In closing, I would like to go on record saying that suicide bombings, no matter how strong your belief in something, are wicked gay and retarded. I am huge believer in the skills of Tom Brady, does that mean I will walk into his "enemy" Peyton Manning's house with a lit stick of dynamite down my pants and give him a hug? Shitty parallel there but I think my meaning is semi-clear. These radicals hate Americans, obviously. (note: I didnt mean for radical to be used in the early 90's way. I meant it in the insanely active religious way. If I meant early 90's, id be talking about how radical the nintendo game Skate or Die was.) There are different ways to express hatred and even different ways of causing destruction. I guess killing yourself in the process of fuckin up a few other people is cool with them because as soon as they do it they are on a magic carpet ride to their virgin paradise. But, it is also cowardly because they are not alive to face any sort of consequence.

Hopefully I will be able to post again by the end of the week. If I do not, there is a 90% chance it will be because Allah killed me.

Wednesday, November 02, 2005

Killin' Time 11-2-05

Before I get started, Id like to leave a note to the homeless of downtown Boston: We all know that the Dunkin Donuts cup you are holding is for change. There's no need to yell at people and tell them what they already know. You need money, we understand, that's why you have the cup. Its obvious you aren't waiting for someone to walk by with a fresh pot of coffee and offer you a refill.

There has been something that I've been wondering about lately and any feedback would be much appreciated. When guys are hanging out, the topic of "getting pussy" comes up 99% of the time. We'll say things like "I need pussy" or "I got some ass last night" or "Im trying to bang this chick" and things of that nature. And when one of us lands some, invasive and sometimes appalling questions are asked without a second thought. "How were her tits?" "Did her box stink?" We're guys, this is what we do. What I want to know is, how do girls approach this subject. Normally I would just guess that you ladies talk about love and wanting a boyfriend and all that. Give me romance, buy me stuff, blah blah blah. But that would be too boring and too stereotypical to be true.

I can picture a group of girls hanging out, and the following comments flying around the room. "Oh my god, I need some fucking dick." "You slut! haha I guess I could too, its been a while." Then the whore of the group chimes in, "Not me ladies, I fucked that guy from work last night." Then I think THEY ask invasive and appalling questions. "How was his cock Alice!!! Was it huge, oh my god I bet it was huge." And so on and so forth. Deep down, I believe this is how women act. So ladies, unless Im totally wrong, and you bitches would be lying if you said I was, cut us men some slack. Don't act disgusted when one of your guy friends says he needs some pussy, because either you need dick just as bad or your gettin it in the cut and you don't want anyone to know. I hope you all enjoyed my misogynistic rant. Now if one of you bum bitches offers it up a little easier for one of us lucky guys, Ive done my job.
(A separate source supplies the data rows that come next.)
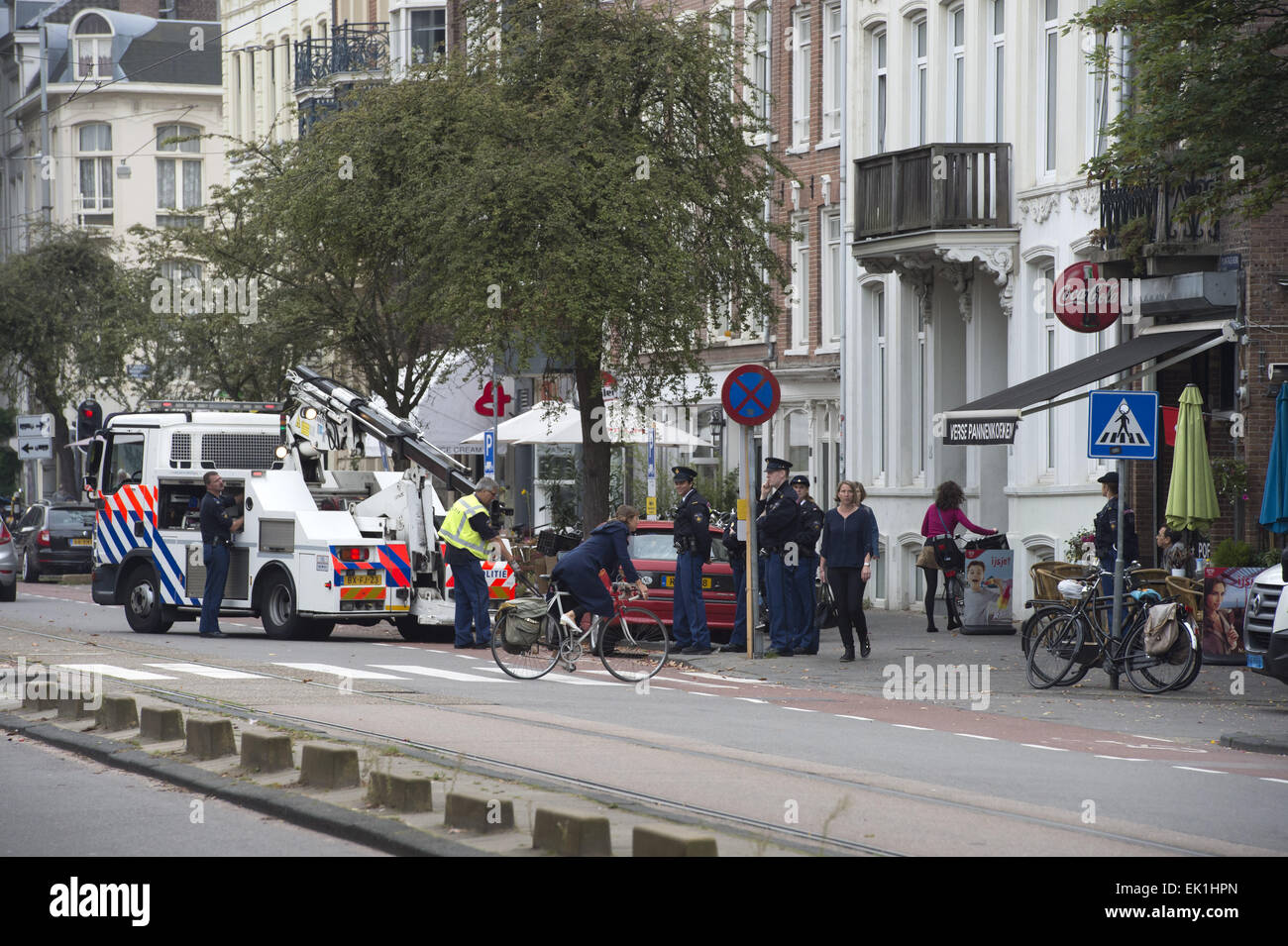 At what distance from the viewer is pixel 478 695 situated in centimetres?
1642

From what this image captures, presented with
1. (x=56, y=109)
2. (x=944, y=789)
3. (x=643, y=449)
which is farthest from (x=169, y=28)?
(x=944, y=789)

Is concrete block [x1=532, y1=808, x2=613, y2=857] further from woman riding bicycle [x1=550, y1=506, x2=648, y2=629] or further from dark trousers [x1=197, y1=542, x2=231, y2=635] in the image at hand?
dark trousers [x1=197, y1=542, x2=231, y2=635]

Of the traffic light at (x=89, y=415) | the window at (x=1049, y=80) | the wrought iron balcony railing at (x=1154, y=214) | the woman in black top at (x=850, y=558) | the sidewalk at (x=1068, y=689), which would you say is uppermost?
the window at (x=1049, y=80)

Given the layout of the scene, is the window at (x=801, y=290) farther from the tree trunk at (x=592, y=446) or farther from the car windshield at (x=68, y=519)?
the car windshield at (x=68, y=519)

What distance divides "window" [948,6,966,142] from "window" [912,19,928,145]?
91 cm

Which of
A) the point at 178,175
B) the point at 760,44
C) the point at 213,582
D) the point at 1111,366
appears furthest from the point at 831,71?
the point at 178,175

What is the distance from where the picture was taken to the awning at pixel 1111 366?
21.8 m

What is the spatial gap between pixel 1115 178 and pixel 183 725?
1042 cm

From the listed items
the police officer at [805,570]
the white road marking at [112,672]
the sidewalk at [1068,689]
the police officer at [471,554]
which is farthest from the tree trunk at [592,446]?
the white road marking at [112,672]

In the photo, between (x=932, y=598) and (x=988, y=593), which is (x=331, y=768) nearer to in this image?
(x=988, y=593)

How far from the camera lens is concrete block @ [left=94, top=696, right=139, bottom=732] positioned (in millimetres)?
13141

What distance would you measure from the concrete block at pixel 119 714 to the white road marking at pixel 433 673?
5.02 m

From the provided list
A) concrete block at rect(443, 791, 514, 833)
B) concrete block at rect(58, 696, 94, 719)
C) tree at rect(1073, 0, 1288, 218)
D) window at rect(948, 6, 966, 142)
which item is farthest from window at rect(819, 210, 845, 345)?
concrete block at rect(443, 791, 514, 833)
Karson Motta Moment of the Week- When I was a sophomore in high school I went to work for a couple days with Karson's family's construction business. Since I was light years away from my love handles, I was extremely light and having a hard time lugging shingles up the ladder to the roof. Let me rephrase that, it nearly killed me. Ill never be Hercules, but in those days I was exceptionally weak. I could probably have benched the bar 3 times. Anyways, I am about 3 rungs from the top of the ladder, wobbling and shaking with a bundle of shingles on my shoulder, when Karson decides it will be a good time to pull my pants down. Thank god he missed my boxers, because Im not even sure if I had pubes back then. I was helpless, stuck on a ladder, shaking with fear that I was going to die, shingles on my shoulder, and about 6 middle aged roughnecks laughing their asses off from the roof. Karson was on the ground, laughing harder than Ive ever seen a human laugh. When I managed to get myself safe and my pants back up, I decided it was time for my first cigarette.